Karena, kejahatan ini tidak berbicara sesaat, tetapi akan merusak setiap
angkatan generasi secara sistematis.
Bisa dikatakan, cyber crime juga
merupakan sisi negatif dari gerakan globalisasi teknologi yang
dicanangkan pihak barat. Meskipun tidak dapat kita pungkiri bahwa
globalisasi melalui penyebaran teknologi internet juga banyak membawa
perubahan positif. Derasnya perkembangan di bidang
teknologi informasi saat ini merupakan jawaban atas makin komplesknya
kebutuhan manusia akan informasi.
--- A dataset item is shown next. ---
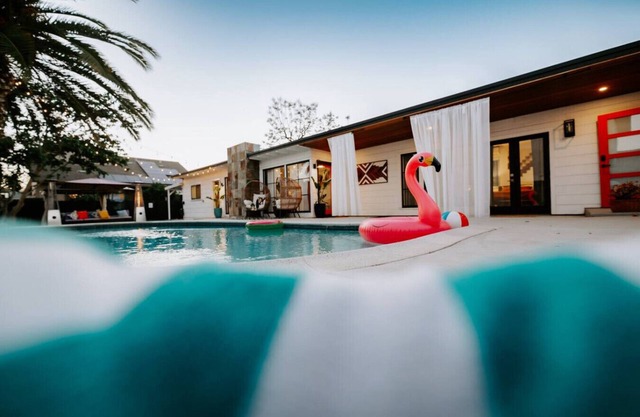 Central SD Luxury Home+Casita, Pool Hot tub BBQ Sleeps10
Jaringan komunikasi dan informasi
dunia atau dikenal juga dengan teknologi cyberspace, berisikan
kumpulan informasi yang dapat diakses oleh semua orang dalam bentuk
jaringan-jaringan komputer yang disebut jaringan internet. Internet
adalah media penyedia informasi dan kegiatan komunitas komersial
terbesar dan tumbuh berkembang dengan sangat pesat.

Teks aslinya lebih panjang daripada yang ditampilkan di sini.